O ator prepara-se para subir ao palco. Fecha os olhos, respira fundo, ouve o que sente, faz a sua oração. Está nervoso. Lembra-se daquilo que sentiu ao atuar na Broadway. É idêntico, ou talvez não, talvez seja superior. A responsabilidade é maior. Muito maior. O ator espreita pela cortina. Tem a casa cheia. Cinquenta pessoas e não cabe bem mais uma. Vieram todas. Todas as pessoas daquela aldeia estão ali. Na Broadway foram talvez milhares os felizardos que viram as suas peças. Foi estrondoso atuar na Broadway, foi talvez o maior sonho, mas não foi o fundamental nem o mais importante. Foi obrigatório subir ao palco brilhante, foi obrigatório perceber que era capaz de atuar em todo o lado, para qualquer pessoa, em qualquer língua. Mas agora estava ali e estava nervoso. Nervoso por representar para aquelas 50 pessoas que tinham feito o esforço maior de pagar aquele bilhete, privando-se de comprar a carne de porco, ansiosos por verem uma coisa que lhes parecia de mentira porque tantos dos que ali estavam nunca tinham ido ao teatro nem sentido outras peles, outras vidas, outras histórias.
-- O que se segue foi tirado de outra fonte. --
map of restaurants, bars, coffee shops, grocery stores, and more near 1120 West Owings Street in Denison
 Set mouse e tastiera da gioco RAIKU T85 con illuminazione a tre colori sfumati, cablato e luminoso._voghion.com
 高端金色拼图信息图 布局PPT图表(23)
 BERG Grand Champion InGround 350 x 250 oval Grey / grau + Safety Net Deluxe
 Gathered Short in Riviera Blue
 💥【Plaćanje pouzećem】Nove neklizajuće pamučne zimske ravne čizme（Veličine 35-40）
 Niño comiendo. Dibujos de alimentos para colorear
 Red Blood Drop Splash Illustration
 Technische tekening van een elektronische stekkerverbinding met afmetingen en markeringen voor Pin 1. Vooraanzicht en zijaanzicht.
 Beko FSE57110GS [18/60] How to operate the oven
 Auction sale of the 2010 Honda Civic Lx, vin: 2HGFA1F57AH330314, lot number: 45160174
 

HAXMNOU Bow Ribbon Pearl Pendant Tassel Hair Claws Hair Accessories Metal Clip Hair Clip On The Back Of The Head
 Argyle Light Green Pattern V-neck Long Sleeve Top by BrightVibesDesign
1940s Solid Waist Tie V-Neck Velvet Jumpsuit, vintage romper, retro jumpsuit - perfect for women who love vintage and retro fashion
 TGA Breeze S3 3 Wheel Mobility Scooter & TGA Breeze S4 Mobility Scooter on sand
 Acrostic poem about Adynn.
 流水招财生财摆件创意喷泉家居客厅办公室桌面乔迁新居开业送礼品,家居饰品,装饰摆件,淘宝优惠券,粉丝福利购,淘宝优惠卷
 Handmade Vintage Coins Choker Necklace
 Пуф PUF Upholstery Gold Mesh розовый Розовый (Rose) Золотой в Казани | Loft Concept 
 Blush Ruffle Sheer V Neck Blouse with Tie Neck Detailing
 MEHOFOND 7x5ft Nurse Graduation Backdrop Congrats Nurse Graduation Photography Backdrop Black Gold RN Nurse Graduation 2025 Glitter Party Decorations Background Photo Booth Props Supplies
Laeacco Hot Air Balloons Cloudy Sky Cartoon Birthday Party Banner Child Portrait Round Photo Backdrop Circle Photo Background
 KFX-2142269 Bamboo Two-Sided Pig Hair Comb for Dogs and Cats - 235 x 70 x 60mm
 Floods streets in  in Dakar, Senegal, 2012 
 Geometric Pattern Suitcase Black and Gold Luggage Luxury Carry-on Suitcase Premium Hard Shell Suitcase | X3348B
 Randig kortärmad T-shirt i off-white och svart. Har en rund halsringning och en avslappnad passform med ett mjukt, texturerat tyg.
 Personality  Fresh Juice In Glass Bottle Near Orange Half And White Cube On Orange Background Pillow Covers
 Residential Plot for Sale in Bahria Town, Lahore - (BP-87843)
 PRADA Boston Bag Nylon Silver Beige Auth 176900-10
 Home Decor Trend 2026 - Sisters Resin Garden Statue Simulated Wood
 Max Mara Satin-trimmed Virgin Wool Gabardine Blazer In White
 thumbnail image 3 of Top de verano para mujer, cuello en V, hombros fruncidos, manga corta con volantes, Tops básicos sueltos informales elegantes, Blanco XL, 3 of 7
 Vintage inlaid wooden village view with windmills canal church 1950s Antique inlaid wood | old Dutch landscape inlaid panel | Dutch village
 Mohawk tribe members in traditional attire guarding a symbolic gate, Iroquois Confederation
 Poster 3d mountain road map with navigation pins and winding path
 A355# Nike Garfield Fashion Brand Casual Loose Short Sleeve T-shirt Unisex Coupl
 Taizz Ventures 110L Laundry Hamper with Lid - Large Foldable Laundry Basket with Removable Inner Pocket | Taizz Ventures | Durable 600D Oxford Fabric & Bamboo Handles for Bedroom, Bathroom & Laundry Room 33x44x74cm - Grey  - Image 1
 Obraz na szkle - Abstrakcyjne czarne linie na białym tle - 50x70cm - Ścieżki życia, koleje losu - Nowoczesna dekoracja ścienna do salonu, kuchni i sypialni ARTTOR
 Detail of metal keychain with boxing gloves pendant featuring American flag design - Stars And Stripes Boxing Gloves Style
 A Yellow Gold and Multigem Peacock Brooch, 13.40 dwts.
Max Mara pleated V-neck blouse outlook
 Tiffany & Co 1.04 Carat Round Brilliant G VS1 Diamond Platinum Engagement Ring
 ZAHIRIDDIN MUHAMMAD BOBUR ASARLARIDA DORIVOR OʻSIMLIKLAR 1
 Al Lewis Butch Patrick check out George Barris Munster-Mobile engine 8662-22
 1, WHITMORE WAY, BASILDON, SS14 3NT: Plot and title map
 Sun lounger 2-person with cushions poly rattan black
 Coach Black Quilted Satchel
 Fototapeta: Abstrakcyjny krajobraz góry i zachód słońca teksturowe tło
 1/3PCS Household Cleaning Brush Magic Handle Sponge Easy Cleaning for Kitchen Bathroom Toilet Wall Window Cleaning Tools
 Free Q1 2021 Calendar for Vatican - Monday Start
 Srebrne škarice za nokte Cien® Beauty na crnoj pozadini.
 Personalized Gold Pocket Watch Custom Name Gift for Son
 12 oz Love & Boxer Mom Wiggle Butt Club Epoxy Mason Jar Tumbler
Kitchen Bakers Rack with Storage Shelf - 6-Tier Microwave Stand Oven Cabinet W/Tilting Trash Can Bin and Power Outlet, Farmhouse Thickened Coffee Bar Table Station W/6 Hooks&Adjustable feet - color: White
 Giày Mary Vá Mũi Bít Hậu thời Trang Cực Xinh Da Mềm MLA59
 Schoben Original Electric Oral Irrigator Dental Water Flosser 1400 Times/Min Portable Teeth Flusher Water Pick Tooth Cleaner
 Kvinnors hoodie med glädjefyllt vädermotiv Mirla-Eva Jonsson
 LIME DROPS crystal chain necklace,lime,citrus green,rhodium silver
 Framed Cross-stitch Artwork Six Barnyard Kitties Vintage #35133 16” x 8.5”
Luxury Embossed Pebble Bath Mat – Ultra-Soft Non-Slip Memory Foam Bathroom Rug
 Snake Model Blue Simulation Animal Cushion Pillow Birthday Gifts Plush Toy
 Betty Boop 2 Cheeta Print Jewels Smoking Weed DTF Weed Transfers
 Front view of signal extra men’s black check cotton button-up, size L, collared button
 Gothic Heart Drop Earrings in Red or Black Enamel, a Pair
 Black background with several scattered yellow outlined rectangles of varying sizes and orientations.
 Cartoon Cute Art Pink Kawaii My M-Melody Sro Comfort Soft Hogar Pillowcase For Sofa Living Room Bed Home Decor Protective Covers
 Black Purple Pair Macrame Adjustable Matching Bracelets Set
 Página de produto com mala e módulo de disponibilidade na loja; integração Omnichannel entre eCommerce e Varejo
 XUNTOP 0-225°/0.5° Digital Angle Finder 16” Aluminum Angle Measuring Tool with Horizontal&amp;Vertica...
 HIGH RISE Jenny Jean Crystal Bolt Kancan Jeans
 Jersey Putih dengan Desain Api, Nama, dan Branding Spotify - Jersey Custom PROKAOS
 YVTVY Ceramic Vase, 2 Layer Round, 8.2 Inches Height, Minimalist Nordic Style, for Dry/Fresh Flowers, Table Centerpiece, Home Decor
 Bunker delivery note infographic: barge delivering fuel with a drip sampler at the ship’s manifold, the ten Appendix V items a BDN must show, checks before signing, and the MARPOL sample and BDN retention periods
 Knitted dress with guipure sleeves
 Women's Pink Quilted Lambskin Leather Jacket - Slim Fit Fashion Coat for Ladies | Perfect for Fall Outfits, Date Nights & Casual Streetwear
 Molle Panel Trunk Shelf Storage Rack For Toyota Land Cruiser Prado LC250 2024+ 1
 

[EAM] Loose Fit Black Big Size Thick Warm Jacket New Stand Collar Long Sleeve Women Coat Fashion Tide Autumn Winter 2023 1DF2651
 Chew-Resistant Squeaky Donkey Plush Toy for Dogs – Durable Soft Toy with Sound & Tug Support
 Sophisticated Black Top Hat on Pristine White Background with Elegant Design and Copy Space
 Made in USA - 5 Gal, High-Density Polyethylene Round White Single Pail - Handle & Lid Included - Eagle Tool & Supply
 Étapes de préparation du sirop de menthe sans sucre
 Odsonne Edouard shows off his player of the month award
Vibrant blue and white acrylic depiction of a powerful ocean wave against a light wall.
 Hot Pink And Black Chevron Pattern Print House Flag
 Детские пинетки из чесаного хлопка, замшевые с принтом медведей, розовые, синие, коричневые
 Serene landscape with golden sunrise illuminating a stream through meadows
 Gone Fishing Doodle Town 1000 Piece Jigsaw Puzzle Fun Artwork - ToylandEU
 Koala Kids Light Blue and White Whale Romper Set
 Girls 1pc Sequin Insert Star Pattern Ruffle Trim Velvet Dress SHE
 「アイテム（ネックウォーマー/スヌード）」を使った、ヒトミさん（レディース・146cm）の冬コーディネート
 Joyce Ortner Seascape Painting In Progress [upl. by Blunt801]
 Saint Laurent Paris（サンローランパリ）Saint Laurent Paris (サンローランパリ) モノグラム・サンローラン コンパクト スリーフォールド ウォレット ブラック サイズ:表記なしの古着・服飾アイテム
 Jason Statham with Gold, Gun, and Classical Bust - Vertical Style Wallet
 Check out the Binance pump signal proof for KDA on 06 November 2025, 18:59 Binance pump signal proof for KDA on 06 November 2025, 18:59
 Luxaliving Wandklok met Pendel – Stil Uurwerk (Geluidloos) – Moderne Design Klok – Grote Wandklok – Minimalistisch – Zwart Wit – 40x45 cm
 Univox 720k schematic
O ator tem a consciência de que todas aquelas vidas sairão diferentes dali, mesmo que essa sensação só dure uma noite. Talvez fiquem unidos para sempre porque alguma coisa poderá acontecer ali. Porque, por umas horas, tudo o resto se dissipará, porque, por umas horas, o mundo terá outra cor.
O homem leva as suas ovelhas pelo campo. Canta uma música baixinho, repete o refrão vezes sem conta, enquanto faz o seu trabalho que não lhe sabe a esforço. Não imagina uma vida melhor. E não é porque não conheça outra, é porque mais nenhuma lhe cabe. Escolheu cada colina, deu nome a cada ovelha, decidiu que a sua vida seria aquela. Os sábios urbanos dizem que ele não teve outra opção, mas o pastor não acredita nisso; se não tivesse tido escolha, se fosse obrigatório ser o que a vida impôs, a felicidade não entraria. “Até isso eu sei”, murmura o pastor.
A miúda espera pela próxima palestra. Já passa da hora e ainda não está ninguém. No dia anterior esteve na televisão, deu uma palestra onde não conseguia contar quantos eram. Hoje, talvez não venha ninguém. A miúda contínua bem-disposta. Tudo aquilo não lhe sabe a fracasso, mesmo que aparentemente o seja. Lembra-se de Osho, no livro “Intuição”: “ (…) Que o mundo diga que o leitor foi um fracasso ou que o mundo faça de si uma estrela, um sucesso, isso não fará qualquer diferença. Seja qual for o caso, o leitor será feliz (…) Se o leitor conseguir compreender que alegria é sinónimo de sucesso, então dir-lhe–ei que será sempre bem-sucedido.”
A miúda percebe que não lhe interessa quantas caras verá, desde que tudo aquilo que aconteça seja verdadeiro. Então ela espera mais um tempo, até que cria o seu núcleo de partilha de cinco pessoas. Abre-se para elas. Confidencia-lhes sentimentos. Não tem medo. Fá-lo com alegria e fá-lo quase afónica, com toda a entrega e toda a importância que cada história tem. E naquela partilha, tão pessoal, a miúda ouviu ali quem lhe dissesse que talvez se sentisse mais forte agora, depois de ouvir outros, talvez se sinta mais capaz de enfrentar a sua própria sombra.
O pormenor tem sempre mais para contar. É sempre particular, uno, delicado, precioso. O pormenor, o aparentemente pequeno é sempre aquele que subestimamos, com a arrogância própria de quem não consegue ler nas entrelinhas. A aparente pequenez é tão maior quando a vês.